Investors were starting to notice and new companies propped up in the drone delivery market, tempted by rising profits. With a substantial market share already, his father’s company led ahead, and earnings, along with its stock price, rose to new highs! A month later, sales at the drone company increased twenty-fold. Johnny’s dad assumed his competent leadership had finally paid off, and announced an elaborate family vacation in Finland that summer to escape the heat.

It was a fantastic vacation. The Baltic Sea felt so real. Never was he more grateful for his high-definition haptic virtual reality suit.

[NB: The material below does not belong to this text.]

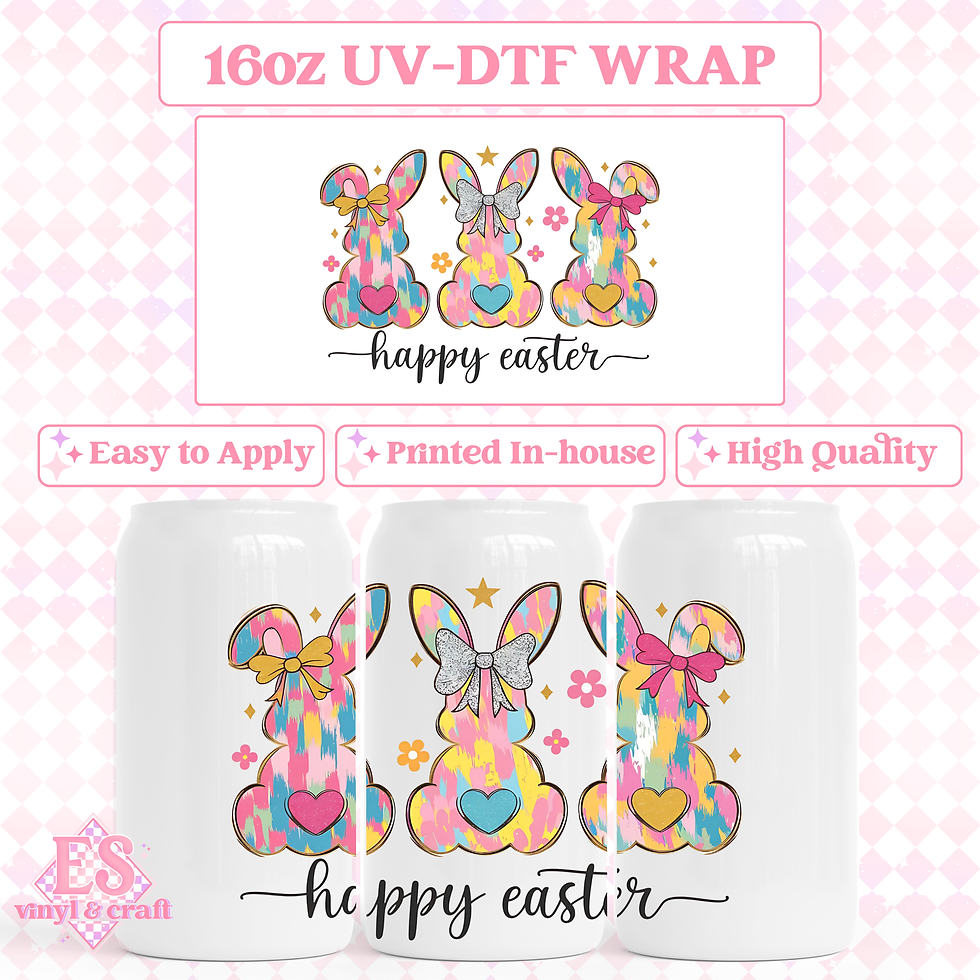 Happy Easter Bunnies - 16oz Beer Can / Libbey UV-DTF Transfer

Then his simulated global economic takeover became all too real. Johnny grew bored of the virtual reality and removed his goggles and haptic suit. He only desired to simulate how monopoly by his dad’s company would pan out. Instead of riches with lush paradise vacations, car races on Mars and the Ottoman Sultan’s harem, he got public protests and government investigations. The world he had simulated in VR began spiraling in unfathomable ways. Without competition, his company’s drones took flight faster than safety checks. ‘Rent a drone’ terrorist attacks were cheap, omnipresent hacking made privacy expensive under a sky of drones, and billions of small devices impacted the environment more than all the pre-hyperloop passenger jets. His haptic suit could really convey the constant humming and heat.

Games were so elaborate these days. Why bother escaping reality if the same rules apply in VR? He left the living room couch to go meet up with his GitHub buddies for beers. He could revert MAP’s code tomorrow.